Soon after the railways were nationalised in 1948, the then recently formed British Railways Board (BRB) undertook a review of the motive power it had just inherited from the ‘Big Four’ independent railway companies. It was quickly realised that the whole stable of steam locomotives constituted of hundreds of different class types, many of which were getting close to retirement or in some cases, were already life-expired. From the outset the government-owned organisation had to cut costs as quickly and as practical as possible. No mean undertaking with a war-battered railway. However, efforts began in earnest almost immediately and in its first year, the BRB had enlisted the services of the renowned locomotive engineer Robert A Riddles, previously of the LMS, to assume responsibility for the Mechanical & Electrical Engineering department. Riddles first task was developing a new small range of new steam locomotive designs, which would eventually replace the older pre-nationalised classes.

Riddles’ opted for a plan of action which was to use the best pre-nationalisation designs and incorporate the best qualities of each into his new designs, thus procuring the greatest engineering feats from all of the former railway companies. The first step towards creating the new designs were the ‘Locomotive Exchange Trials’. Riddles initiated his proceedings by choosing a quantityof express type locomotives from each of the newly-formed Regions and employing them on ‘foreign’ territory. For example, LMS locomotives operated over the Southern Region where there were no water troughs. These were thus paired with four-axled ex-War Department tenders with larger water tanks. These were specifically given LMS lettering for the occasion. Similarly, ex-Southern Region locomotives used elsewhere were married together with ex-LMS tenders with water scoops. This gave the design team some important information on how suitable certain locomotive classes were to certain stretches of line.

Having completed the Locomotive Exchange Trials, Riddles’ Chief Draftsmen went back to the drawing board and began to shape the first of the then new ‘standardised’ steam locomotives. Officially, these trials were to identify the best aspects of the four varying schools of thought of locomotive design in order to incorporate them in the new BR standard designs. However, the methods used for testing lacked any real scientific value, and taking his background into consideration and other political influences, it was almost predictable that LMS practice was largely followed by the new standard designs regardless, and it is not really surprising that virtually all of Riddles’ final products would closely resemble the designs pioneered by the LMS, in particular those locomotives which were designes of Stanier and Ivatt.

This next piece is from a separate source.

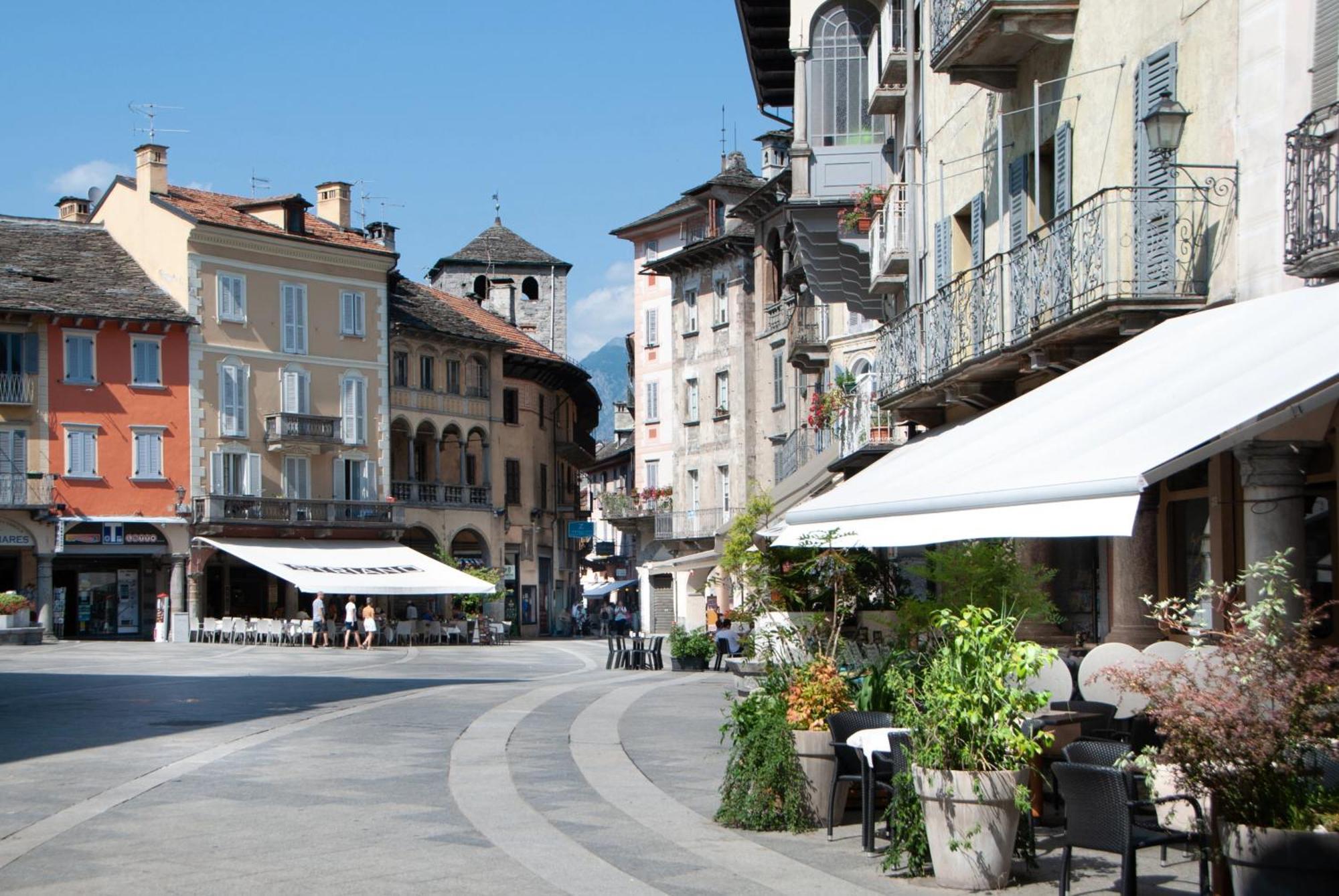 Casa Dell'Edera - Holiday Apartment In Domodossola Zewnętrze zdjęcie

However, the trials served as a useful publicity stunt for BR to show the unity of the new British Railways. By 1950 the first of the new express locomotive designs had been finalised at Derby and later that same year, the British Transport Commission placed an order with Crewe Works for the building of twenty-four of the type. What emerged from Crewe on 2nd January 1951 was a 4-6-2 Pacific locomotive looking conspicuously like the Coronation class of locomotives designed by William Stanier, also formerly of the LMS. The imposing engine, finished in a plain black scheme with no lining, was scheduled for a test run between Crewe and Carlisle on 11th January 1951, a dynamometer carriage being one of the consists of the train it was to haul. After the run, which proved to be a promising start for the class, the locomotive, numbered 70000, was repainted into the much more familiar lined BR Brunswick Green and delivered to Marylebone station on the last but one day of January to be named. No. 70000 was appropriately called ‘Britannia’, after the female personification of the British Empire, and it marked a very promising step forward for BR.

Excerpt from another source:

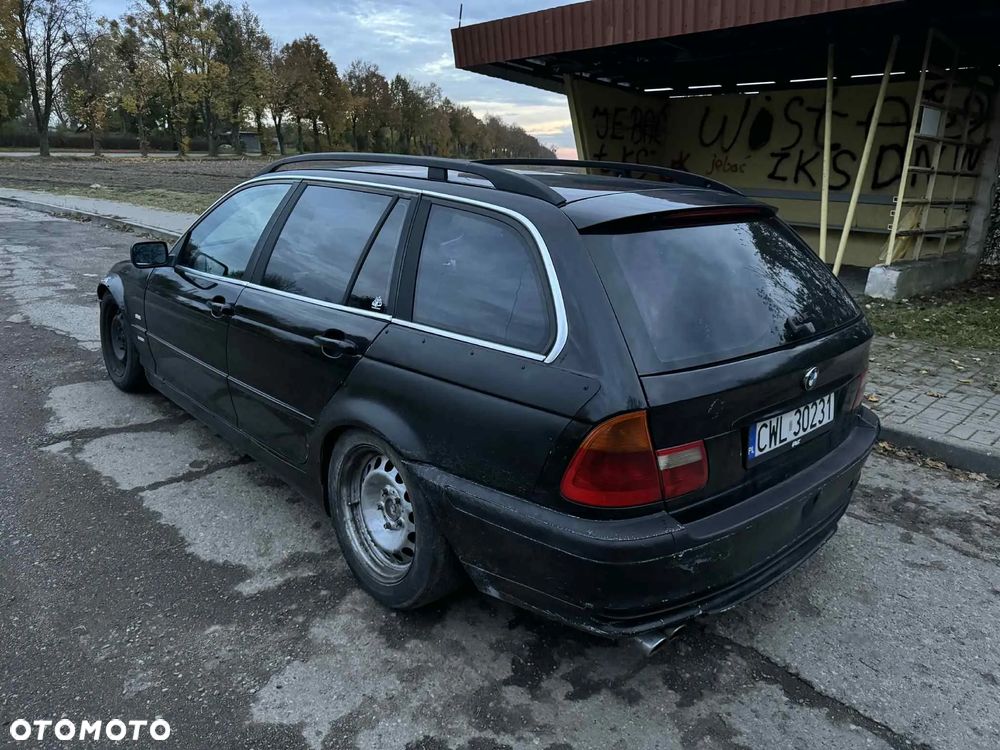 BMW Seria 3 320i Touring - 5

To mark the Sixtieth Anniversary of the 1948 Locomotive Exchange Trials, in 2008 Hornby Railways released a Limited Edition Model of a 4-6-2 West Country Class Locomotive ‘Bude’ No 34006. This model, represents the classic pairing of a Southern Region Bulleid Pacific with a Stanier Tender. For the collectors out there, the Hornby R2685 West Country Class ‘Bude’ with Stanier Tender was only produced in a limited run of 2008 and each of the model trains came with a numbered Certificate of Authentication.